WO 2023/067952 WO 2022/269884

Summary

However, due to the compression process applied to the upstream model in the approach according to PTL 2, the feature data, on which the downstream model is based, tends to be lacking in information. A lack of information in the feature data to be input to the downstream model will result in a degradation of the inference performance of the downstream model (degradation of inference accuracy or versatility).

The present technique has been made in view of the circumstances described above, with an aim to improve the inference performance when a downstream model performs inference on the basis of features extracted by an upstream feature extraction model, while allowing the use of a compressed model as the feature extraction model.

An information processing system, comprising a controller; and an image sensor configured to capture image data, the image sensor including first circuitry configured to acquire the image data captured by the image sensor, extract, by a trained machine learning model, feature data from the image data, the trained machine learning model having a plurality of intermediate layers, combine the feature data from two or more of the plurality of intermediate layers, and
transmit the combined feature data to the controller.

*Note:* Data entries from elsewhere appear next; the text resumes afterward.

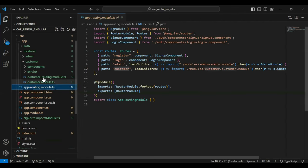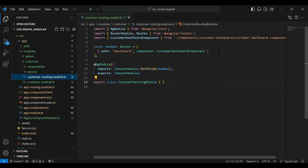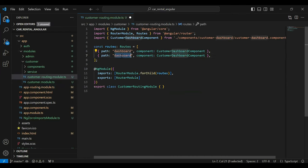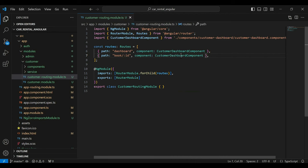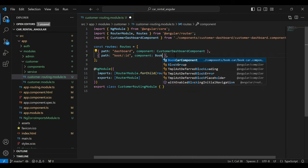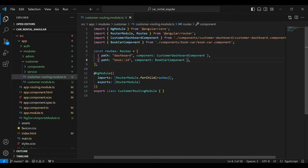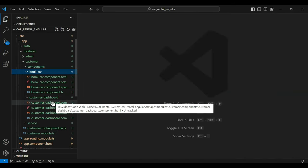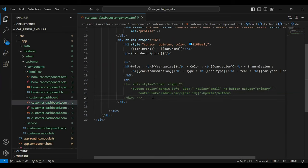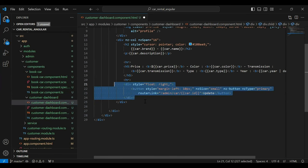Let's register this component in the customer routing module. Here I'm going to add the path, which is 'book/car-id', and here we need to load the component that is the Book Car component. Let's go to our customer dashboard component HTML and here I'm going to uncomment this div.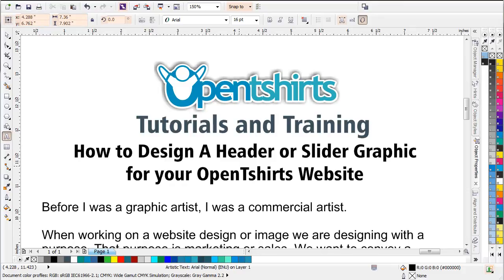Welcome to Open T-Shirts tutorials and training. In this session, we're going to get into how to design a header or slider graphic for our Open T-Shirts website. Before we get into the actual graphic design tutorial, I'd like to take a look at some of the marketing aspects that really should be the purpose or objective behind the designing of a header or slider graphic for our website.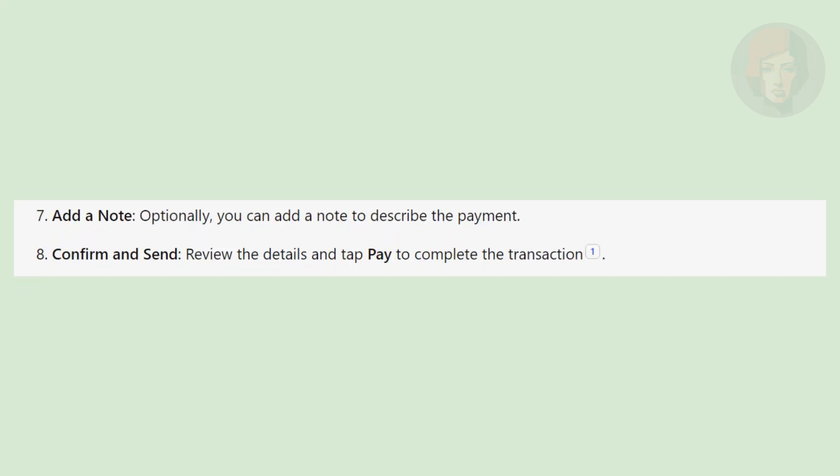Optionally, you can add a note to describe the payment. Review the details and tap pay to complete the transaction.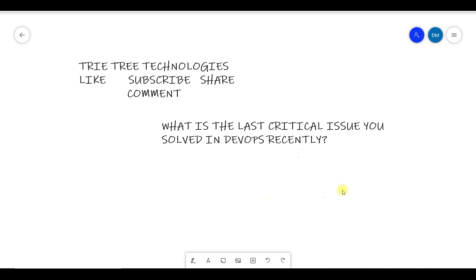So keep posting your questions and keep posting your answers. Thank you very much. Bye.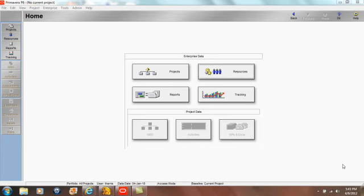Hi there. This Primavera P6 training tutorial addresses the setup of resources using the new resource wizard.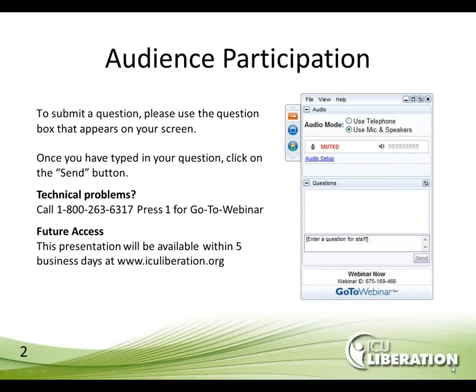To participate in today's webcast by submitting a question, please use the question box that appears on your screen. Once you've typed in your question, click on the Send button. For technical problems, please call 1-800-263-6317 and press 1 for Go To Webinar. Future access for this presentation will be available within five business days at www.iculiberation.org.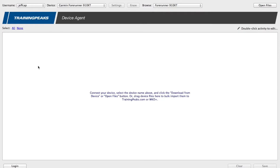This is Jeffrey Capobianco from Breakthrough Performance Coaching here today to show you how to use the new Training Peaks device agent to upload files from your Garmin, either 500 or 800 or 510 or 810.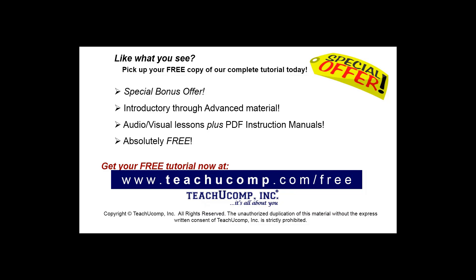Like what you see? Pick up your free copy of the complete tutorial at www.teachyoucomp.com forward slash free.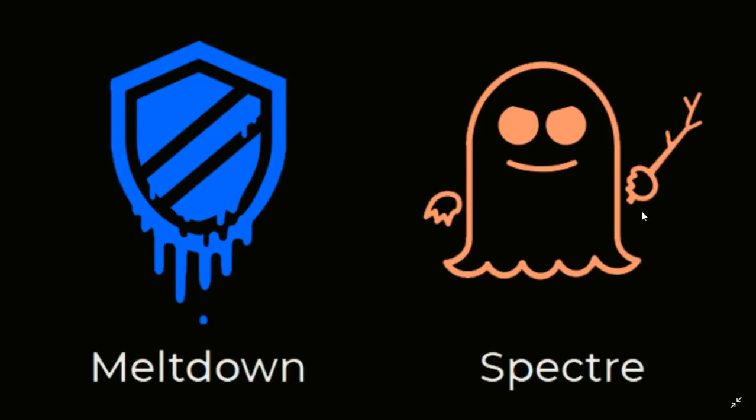In January, we learned that Meltdown and Spectre were security flaws in Intel processors. After that, there was an update that fixed Meltdown. Meltdown was the easiest to fix. It was fixed within Windows and there was an update that was pushed to everybody. If you're at the latest versions of Windows updates, Meltdown is fixed.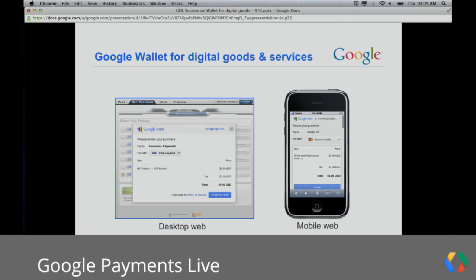What is Google Wallet for Digital Goods? It's a great new service that we have to monetize your online content and services. It's an in-context flow that we support both on desktop and mobile web. Key benefits include keeping customers on your site while they're completing their purchase, which increases conversion, and it's a very simple integration.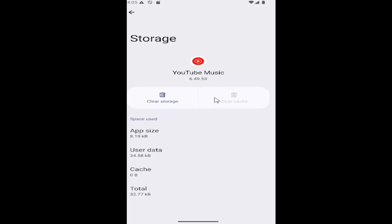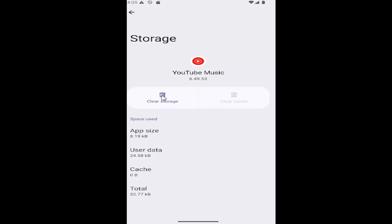If not, you can come back in here and this time select clear storage. Make sure you have everything backed up to the cloud because this app's data including files and settings will be permanently deleted from this device. Select delete and that's pretty much all you'd have to do.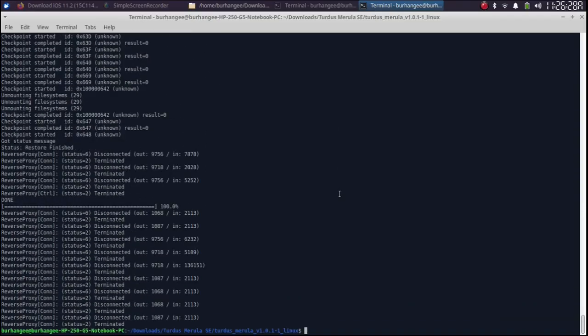Alright. As you can see the restore or the downgrade process finished without errors. Now simply set your device as usual.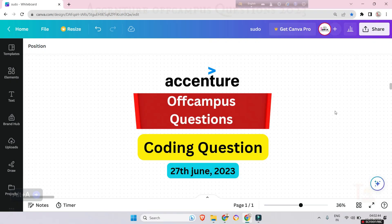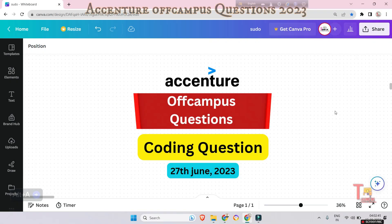Hello my family members, today I will give you a coding problem that was asked in Accenture off-campus drive 2023 on 27th June. Most of you would hardly believe that it was actually asked in an off-campus drive because this is very easy — you might say that I am joking, but I am not joking. It was actually asked.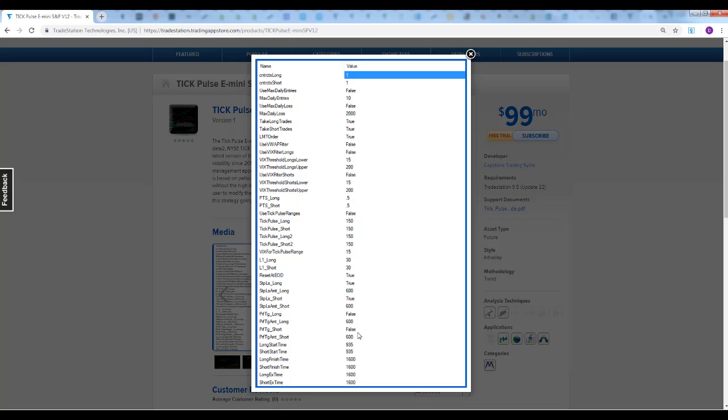You can see the rest of these inputs - start time, finish time for the long and short side as well as the exit times. You need to change those if you are on a different time zone than Eastern Standard Time. For example, long start time would be 835 Central Time, 735 Mountain Time, 635 Pacific Time.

An information processing system, comprising a controller; an image sensor configured to capture image data, the image sensor including first circuitry configured to acquire the image data captured by the image sensor, extract, by a trained machine learning model, feature data from the image data, the trained machine learning model having a plurality of intermediate layers, combine the feature data from two or more of the plurality of intermediate layers, and
transmit the combined feature data to the controller; and one or more electronic devices, wherein the controller includes second circuitry configured to
distribute the combined feature data received from the image sensor to the one or more electronic devices.

Fig. 1 is a block diagram illustrating a schematic configuration example of an inference system built with an imaging device and an information processing device as an embodiment. Fig. 2 is a block diagram illustrating a configuration example of the imaging device as an embodiment. Fig. 3 is a block diagram illustrating a configuration example of the information processing device as an embodiment. Fig. 4 is an explanatory diagram of a configuration example for implementing an inference technique as an embodiment. Fig. 5 is a diagram for explaining a first-half layer region and a second-half layer region in an intermediate layer region of a feature extraction model. Fig. 6 is a diagram for explaining a configuration example for implementing the inference technique in a first application example. Fig. 7 is a diagram illustrating an example of a heat map image. Fig. 8 is a diagram for explaining a configuration example for implementing the inference technique in a second application example. Fig. 9 is an explanatory diagram of an overlapping process in the second application example. Fig. 10 is an explanatory diagram illustrating a configuration example of a feature distribution system.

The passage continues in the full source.